_What the task requires_
From the first line to the last, restate the material word for word, omitting pictures.

_Source data_
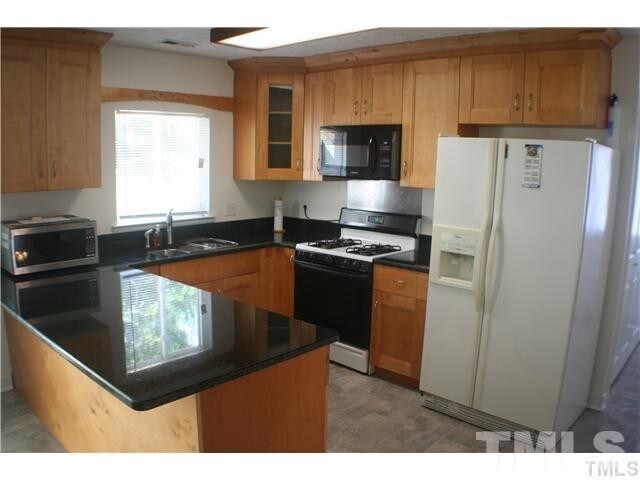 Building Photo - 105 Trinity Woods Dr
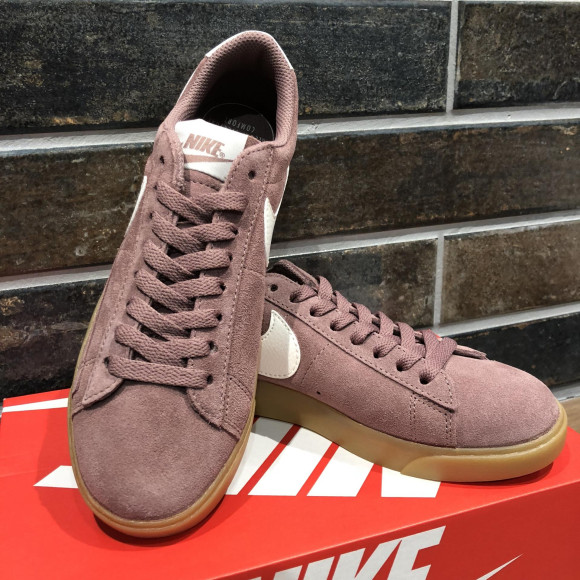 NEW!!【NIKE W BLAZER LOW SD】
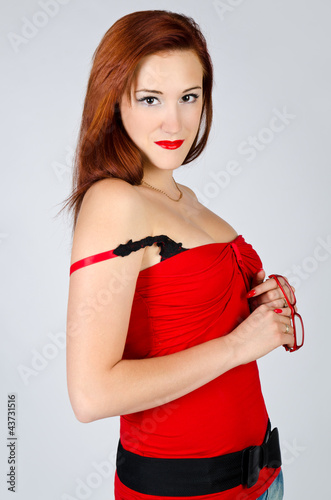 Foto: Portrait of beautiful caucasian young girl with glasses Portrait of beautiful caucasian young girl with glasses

_Result of the exercise_
 Building Photo - 105 Trinity Woods Dr
 NEW!!【NIKE W BLAZER LOW SD】
 Foto: Portrait of beautiful caucasian young girl with glasses Portrait of beautiful caucasian young girl with glasses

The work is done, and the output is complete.